Hospitals and health systems across the United States are seeking ways to better engage patients with a variety of handheld and home-based technologies to improve patient experience and health outcomes. How do you use technology to transform the hospital bedside? Increase medication adherence for hypertension? Control diabetes? Reduce distress in patients with cancer?
Four health care organizations, including UC San Diego Health, Ochsner Health System, Sutter Health and Stanford Health Care, have all developed answers to these questions. All have created diverse models of care that incorporate use of patient-centered technologies with measureable outcomes. Their efforts and results are published in the March 2019 edition of Health Affairs.
“Health care organizations are actively developing consumer technologies to help patients better manage their health,” said Ming Tai Seale, PhD, MPH, lead author and director of outcomes analysis at UC San Diego Health and professor of family medicine and public health at UC San Diego School of Medicine. “The ultimate goal of these technologies, in academic and community settings, is to improve health outcomes through patient engagement. This paper offers a case study of successful approaches that can be replicated nationally.”

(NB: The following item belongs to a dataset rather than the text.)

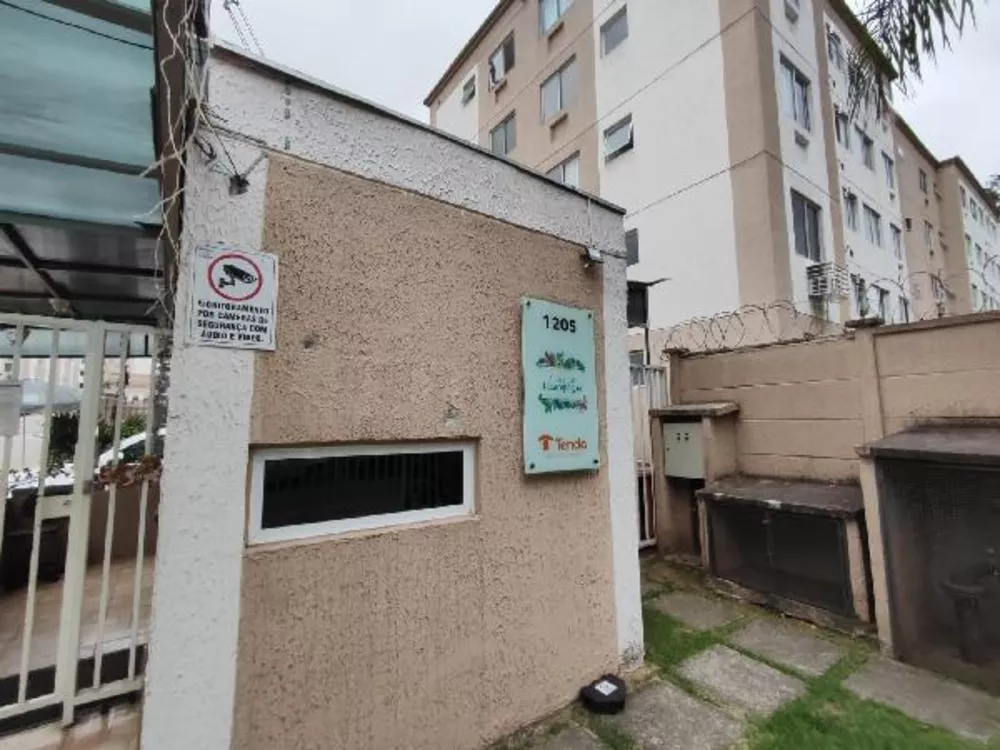 Apartamento, 2 quartos, 41 m² - Foto 1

Select project examples include:
- Ochsner Health System used their online patient portal to help treat hypertension with a novel digital medicine program that combined patient-reported blood pressure data, clinical data and coaching. Outcomes showed that medication adherence among patients improved 14 percent while 79 percent achieved greater blood pressure control. Overall, clinicians saw a 29 percent reduction in clinic visits.
- Sutter Health used their patient portal to help patients self-manage their diabetes. Online reminders of hemoglobin A1c monitoring among patients with diabetes improved the rate of A1c test completion by 33.9 percent. Overall, patients with previously uncontrolled diabetes had a significant reduction in HbA1c at six months compared to usual care.
- Stanford Health Care used their patient portal to help patients with cancer manage stress. Patients were surveyed before clinic visits to identify unaddressed symptoms. About 40 percent of patients who responded reported experiencing distress. These responses led to more than 6,000 referrals for psychotherapy, nutrition and other services.
“What we are seeing is that technology can be used to help patients be more autonomous and to improve their health in partnership with their clinical teams,” said Chris Longhurst, MD, Chief Information Officer and Associate Chief Medical Officer at UC San Diego Health. “These benefits can be achieved at home but also inside the hospital where patients have a great desire to directly manage their room environment and access to information that impacts their medical care.”
In 2016, UC San Diego Health opened Jacobs Medical Center, a 245-bed hospital that offers advanced surgery, cancer care, cardiac rehabilitation, and birthing options. To put patients in direct control of their experience, an Apple tablet was placed in every patient room. The tablets enable patients to control room temperature, lighting and entertainment options, all from their beds. The tablets also enable access to personal medical information, such as test results and schedules of medications or upcoming procedures. Photographs and biographies of their care team are also available.
“What we saw in our Press Ganey surveys is that a significant number of patients mentioned the tablets as contributing to a positive patient experience,” said Longhurst. “Additionally, we saw that engagement in medical care, as measured by accessing their medical record, is higher among patients who pick up the tablet for room control purposes.
“Our analysis suggests that the odds of using the inpatient patient portal among room control users were 1.65 times greater than the odds for patients who didn’t use the tablet for room control. This suggests that the tablet has served as a conduit that nudged more patients to use the patient portal and thus use resources to improve their health,” added Longhurst.
Additional co-authors include: N. Lance Downing and Christopher Demuth Sharp from Stanford Health Care; Veena Goel Jones and Albert Chan from Sutter Health; Richard Milani from Ochsner Health System; and Beiqun Zhao and Brian Clay from UC San Diego.
This research was funded, in part, by the Patient-Centered Outcomes Research Institute (HIS-1608-35689-IC).